Chatting with Mary, our instructor.

Chatting with Mary, our instructor.

The concept of the water doesn’t bother me. I like being on the water in a boat, or playing in the waves at the beach. Kayaking is a lot of fun. I’ve always thought that despite my inability to swim, I was entirely comfortable with the water.

That theory took a blow tonight, as my swimming instructor took us to the deep end of the pool for the first time. My panic was not overt. I didn’t freak out, at least not in a way that the casual observer would see. But I knew it, and Katie knew it. My kicks became short and choppy, my breathing fell apart, and my whole body became tense, just as soon as I saw the pool floor slope away beneath me. Things were fine and dandy, practicing in the shallow end. But as soon as failure (and drowning) became a real possibility, my mind sent all of the classic signs of panic through my body, and the wheels fell off.

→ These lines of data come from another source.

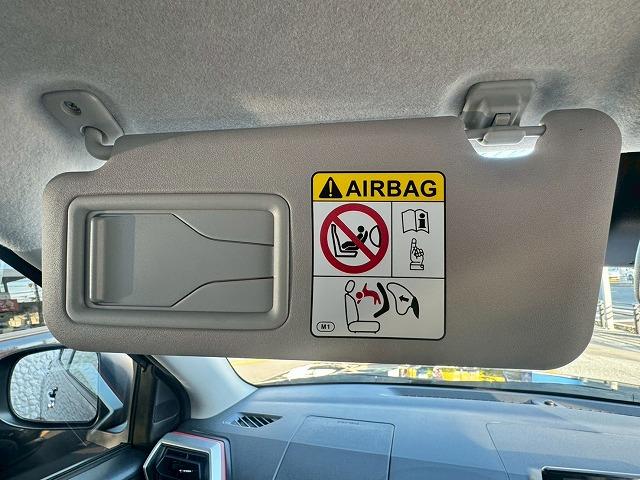 お問い合わせはお気軽に！【０９８－９９６－４２４２】　弊社ホームページもご覧ください。【ＭＥＧＡ　ＳＵＶ南風原】で検索！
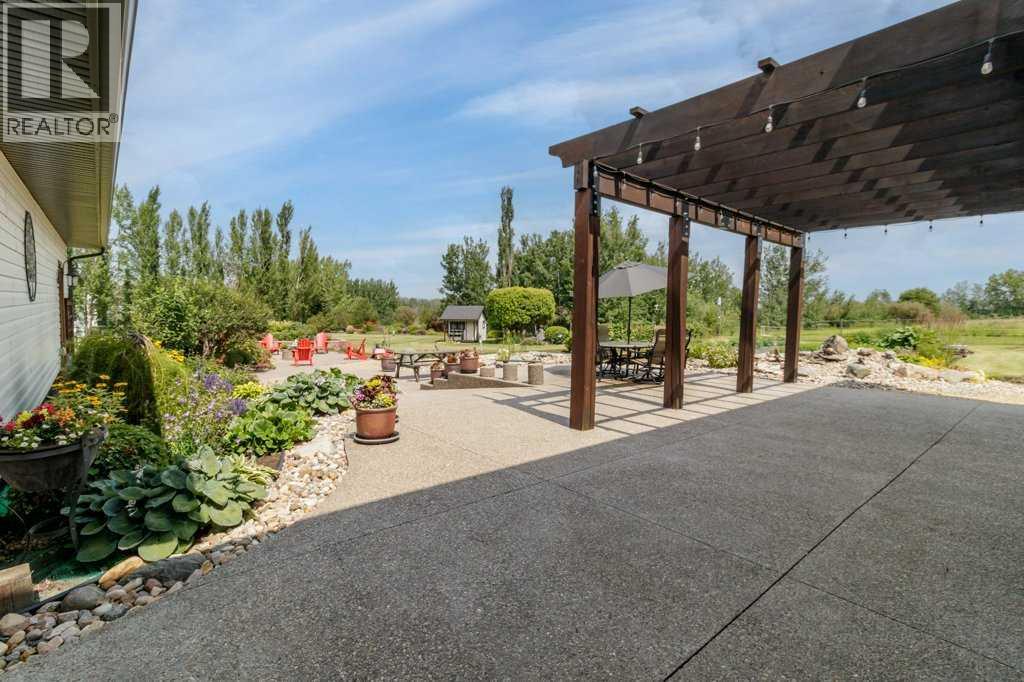 105, 1236 384 Township, Rural Red Deer County, Alberta  T4E 0P1 - Photo 29 - A2239576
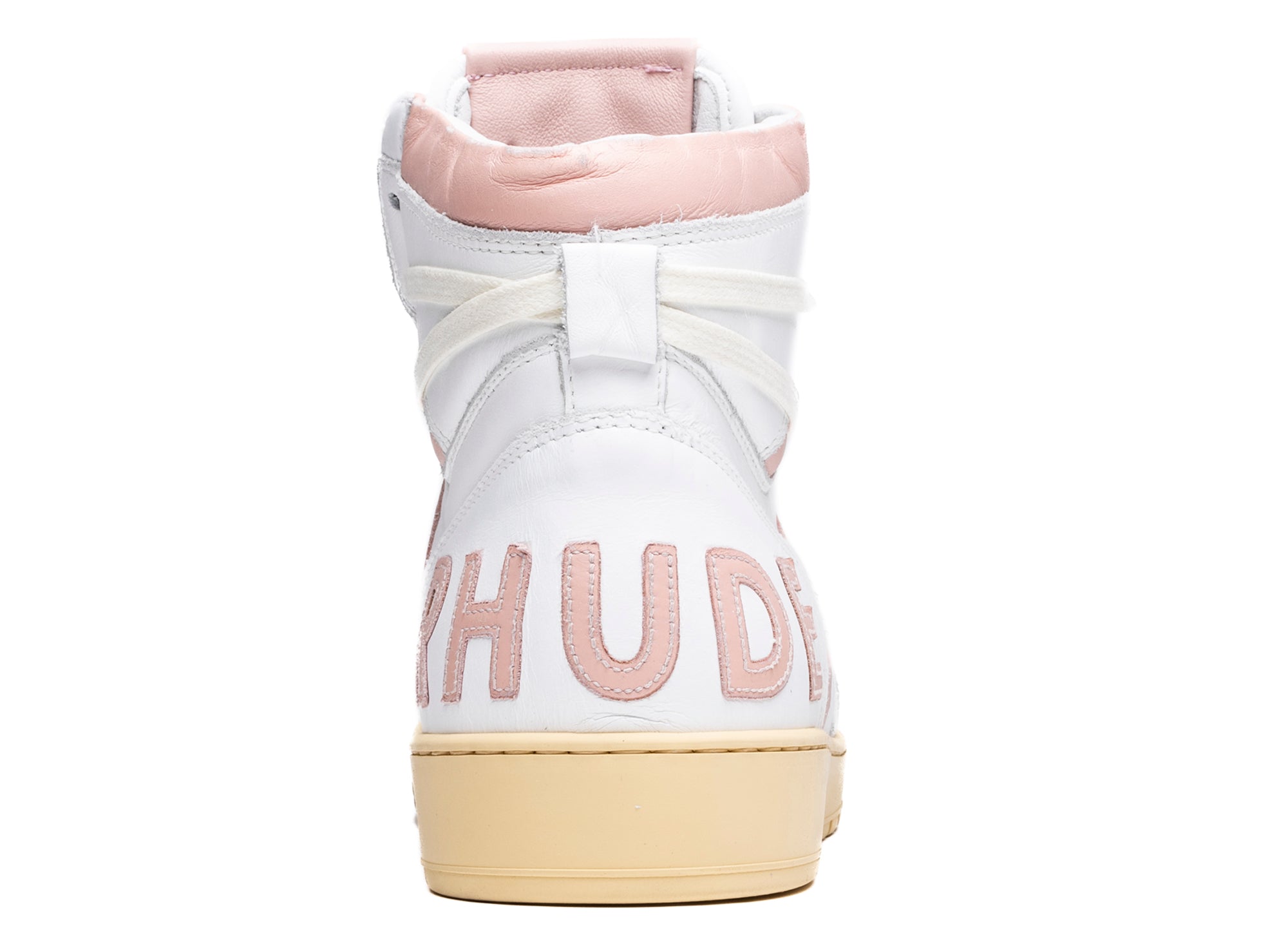Rhude Rhecess Hi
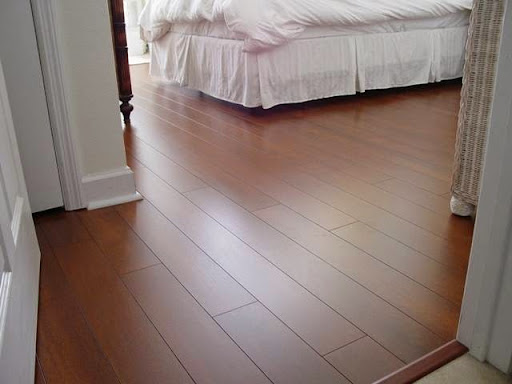 Flooring Store «Flooring America», reviews and photos, 9012 Seminole Blvd, Seminole, FL 33772, USA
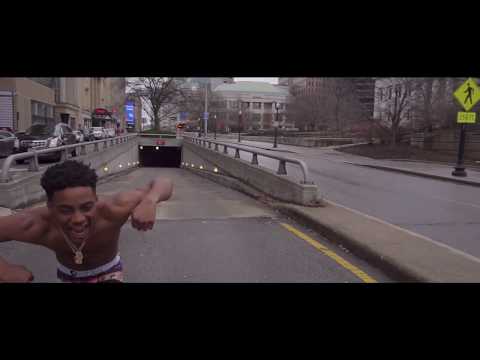 SauxePaxk TB - No Fly Zone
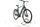 Velo de Ville AEB 890 2022 | negro | 28" | keine Angabe | 500 - 3000 km, thumbnail 3 of 5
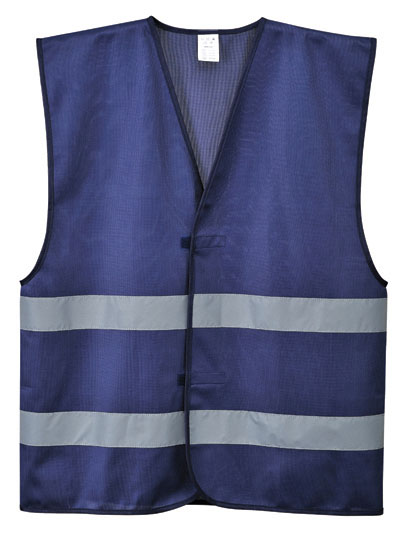 PORTWEST F474NARS/M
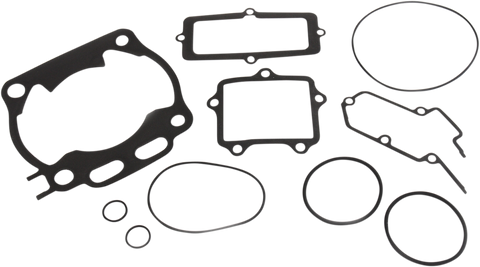 VERTEX Standard Bore Gasket Kit 810670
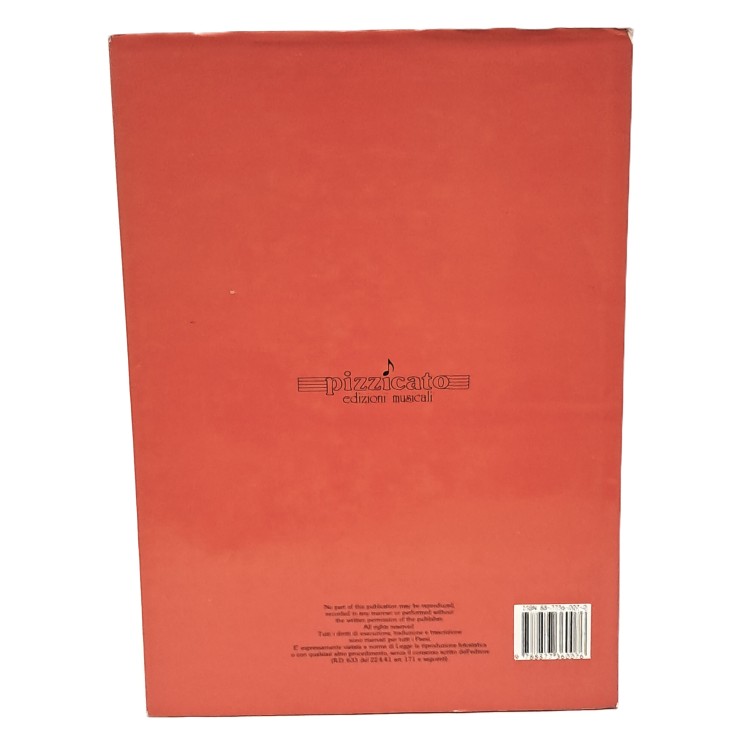 Jacopo Tomadini anima Christi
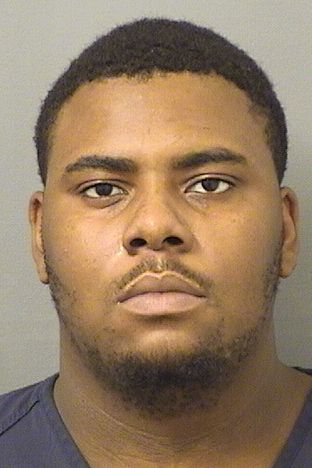  ANDREW D MACK Photo For  ANDREW D MACK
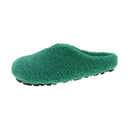 Women's Cozy Non-Slip Fluffy Slippers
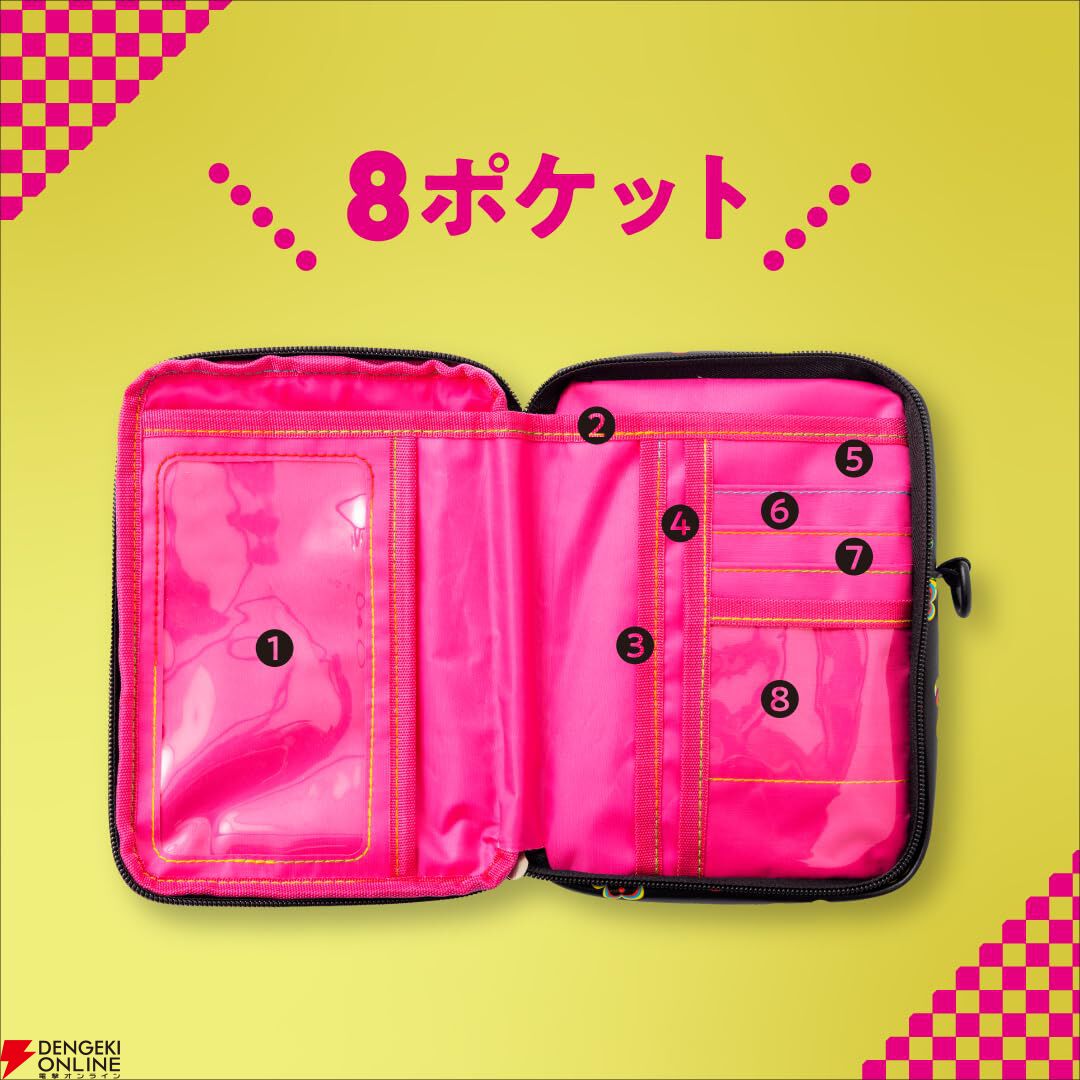 レオパード中綿BIGバッグ　Re.仲里依紗さんブランド ❤️‍🔥RE. NEW ITEM❤️‍🔥 🌈レオパード中綿BIGバッグ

Fear is a funny thing. It feeds on itself, magnifying the dangers we face. Like most people in modern, Western society, I spend so much of my life comfortable and unafraid, that when fear does rear its head, I don’t know what to do with it. My immediate reaction is to be fearful of the fear, compounding my problems.

On a mountain bike, when faced with an obstacle you’re not sure of clearing, the solution is most often as simple as pulling two levers with your fingers, and twitching an ankle to unclip. You can stop, eyeball what you’re afraid of, approach it slowly as many times as you like, until you’re comfortable enough to try and clear it.

Kicking just as fast as my little legs will go!

Kicking just as fast as my little legs will go!

Such options aren’t really available in 9 feet of water. For a moment, as I wobbled and sputtered my way to the far side of the pool for the first time, hands out in front clutching a kick board, the panic reaction nearly overwhelmed me. My body stiffened. I got water in my nose. I forgot entirely what I was supposed to be doing. I just wanted it to be over. I kept at it, kept breathing and kicking. Finally it was over, and I grasped the wall with white knuckles, more shaken at the experience than glad to have done it.

Subsequent attempts were only marginally more successful, in terms of swimming technique. But they were also mildly successful in a more important way: shrinking the monster. Every trip down the lane and back is one more time I didn’t die. One more time I made it under my own power. By the end of the session, I still felt the clutch of panic as the floor dropped away, but at least I knew it was coming, and that meant I could stay a little ahead of it, even at my snail’s pace. Now that I’ve acknowledged the fear, identified it and faced it, I feel that it’s only a matter of time until I beat it.

And for that, I can’t wait until I get back in the pool.